In his first Inaugural Address, and hopefully his last, Donald Trump talked about American carnage. He got it this week. What we couldn’t have known in January 2017 is that he wasn’t here to save us from this carnage, but to perpetuate it; that incitement wasn’t just a feature of his campaign, but of his governance. When historians look back at the Trump era, they may very well say his presidency was encapsulated by this moment, when a sadistic cop knelt on the neck of an African-American man for almost nine minutes in plain view and the streets exploded in rage.

Derek Chauvin was by no means the first cop to gratuitously brutalize and lynch an African-American. But he embodied something essential about Trumpism: It’s us versus them. That’s the poison ethos at the heart of police brutality, and it’s the septic core of our 45th president’s philosophy. Neither a toxic cop nor Donald Trump sees himself as a servant of all the people they’ve sworn to protect. They are solely servants of their own. Everyone else is the enemy.

From the beginning, the police have received a lot of perverse messages from Trump, encouraging them to embrace the bitter angels of their nature. Three summers ago, he gave a speech on Long Island, disparaging officers who cradled the heads of suspects as they tucked them into their squad cars: “You can take the hand away, OK?” (A bank of police officers, seated behind him, started to laugh and cheer.)

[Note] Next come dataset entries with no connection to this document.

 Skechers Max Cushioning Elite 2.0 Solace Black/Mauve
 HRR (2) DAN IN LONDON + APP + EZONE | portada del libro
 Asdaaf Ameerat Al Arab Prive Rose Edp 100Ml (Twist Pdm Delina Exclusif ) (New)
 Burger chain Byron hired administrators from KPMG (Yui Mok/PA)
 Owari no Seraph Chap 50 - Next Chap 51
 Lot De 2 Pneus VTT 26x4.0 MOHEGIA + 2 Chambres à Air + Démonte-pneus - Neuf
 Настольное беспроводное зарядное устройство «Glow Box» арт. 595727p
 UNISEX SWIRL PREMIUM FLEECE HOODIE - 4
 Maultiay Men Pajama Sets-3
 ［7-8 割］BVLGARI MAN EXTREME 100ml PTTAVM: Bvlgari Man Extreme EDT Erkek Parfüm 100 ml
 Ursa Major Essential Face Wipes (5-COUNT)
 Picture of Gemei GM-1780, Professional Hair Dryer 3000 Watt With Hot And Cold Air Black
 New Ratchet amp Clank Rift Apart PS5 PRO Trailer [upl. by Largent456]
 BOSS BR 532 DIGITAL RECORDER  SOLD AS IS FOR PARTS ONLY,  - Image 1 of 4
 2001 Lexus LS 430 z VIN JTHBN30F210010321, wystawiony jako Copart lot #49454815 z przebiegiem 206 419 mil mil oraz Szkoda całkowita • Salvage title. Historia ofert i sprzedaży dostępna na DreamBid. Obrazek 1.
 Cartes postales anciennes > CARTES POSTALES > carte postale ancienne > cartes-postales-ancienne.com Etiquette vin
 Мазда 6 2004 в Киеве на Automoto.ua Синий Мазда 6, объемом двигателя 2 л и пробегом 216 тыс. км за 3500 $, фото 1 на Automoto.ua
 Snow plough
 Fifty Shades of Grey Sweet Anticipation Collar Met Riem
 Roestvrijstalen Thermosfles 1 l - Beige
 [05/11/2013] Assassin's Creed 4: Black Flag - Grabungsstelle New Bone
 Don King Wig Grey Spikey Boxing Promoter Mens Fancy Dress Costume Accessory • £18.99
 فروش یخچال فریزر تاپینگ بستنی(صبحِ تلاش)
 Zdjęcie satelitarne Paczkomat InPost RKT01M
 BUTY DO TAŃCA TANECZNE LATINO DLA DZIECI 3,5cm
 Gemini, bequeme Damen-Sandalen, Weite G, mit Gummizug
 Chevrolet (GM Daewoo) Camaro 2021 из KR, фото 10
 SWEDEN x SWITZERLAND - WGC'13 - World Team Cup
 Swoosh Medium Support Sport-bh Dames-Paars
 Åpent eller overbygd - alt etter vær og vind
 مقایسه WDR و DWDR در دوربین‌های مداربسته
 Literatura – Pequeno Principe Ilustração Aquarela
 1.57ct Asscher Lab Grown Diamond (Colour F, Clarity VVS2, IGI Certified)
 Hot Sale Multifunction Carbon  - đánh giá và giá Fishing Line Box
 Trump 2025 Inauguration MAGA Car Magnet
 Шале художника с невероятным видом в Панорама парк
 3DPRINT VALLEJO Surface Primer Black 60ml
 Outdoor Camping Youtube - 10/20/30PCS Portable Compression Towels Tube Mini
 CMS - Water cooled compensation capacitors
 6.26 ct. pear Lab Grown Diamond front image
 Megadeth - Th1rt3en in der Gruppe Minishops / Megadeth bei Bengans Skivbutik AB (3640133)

One of Trump’s most revealing tweets since the rioting began was a boast about the prowess of the Secret Service — and to threaten to sic “the most vicious dogs, and most ominous weapons” on the crowds outside the White House if things intensified. He’s Bull Connor with a comb-over. Or Walter E. Headley, Miami’s former police chief, who in 1967 said, “When the looting starts, the shooting starts,” a phrase that reappeared in a Trump tweet on Friday.

And this is the point, is it not? Trump, who made his political bones by peddling apocrypha about our first African-American president’s country of origin, thrives on racial divisions. Us-them. Conflict zones are his comfort zone, perfect for firing up his base.